■ Task description
Only the lines from the one containing "Cozy room setting" through the end of the data belong in the answer; reproduce them exactly.

··· Provided data

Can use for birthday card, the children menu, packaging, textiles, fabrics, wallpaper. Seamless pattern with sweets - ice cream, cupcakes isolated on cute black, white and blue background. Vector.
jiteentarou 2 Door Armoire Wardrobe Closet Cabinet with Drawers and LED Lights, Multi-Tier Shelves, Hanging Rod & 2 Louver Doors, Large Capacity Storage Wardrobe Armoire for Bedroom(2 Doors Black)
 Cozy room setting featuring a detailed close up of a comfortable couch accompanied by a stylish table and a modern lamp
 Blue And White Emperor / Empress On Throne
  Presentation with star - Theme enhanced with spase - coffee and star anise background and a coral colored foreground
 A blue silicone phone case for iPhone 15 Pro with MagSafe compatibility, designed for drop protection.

······

■ Output of the task
 Cozy room setting featuring a detailed close up of a comfortable couch accompanied by a stylish table and a modern lamp
 Blue And White Emperor / Empress On Throne
  Presentation with star - Theme enhanced with spase - coffee and star anise background and a coral colored foreground
 A blue silicone phone case for iPhone 15 Pro with MagSafe compatibility, designed for drop protection.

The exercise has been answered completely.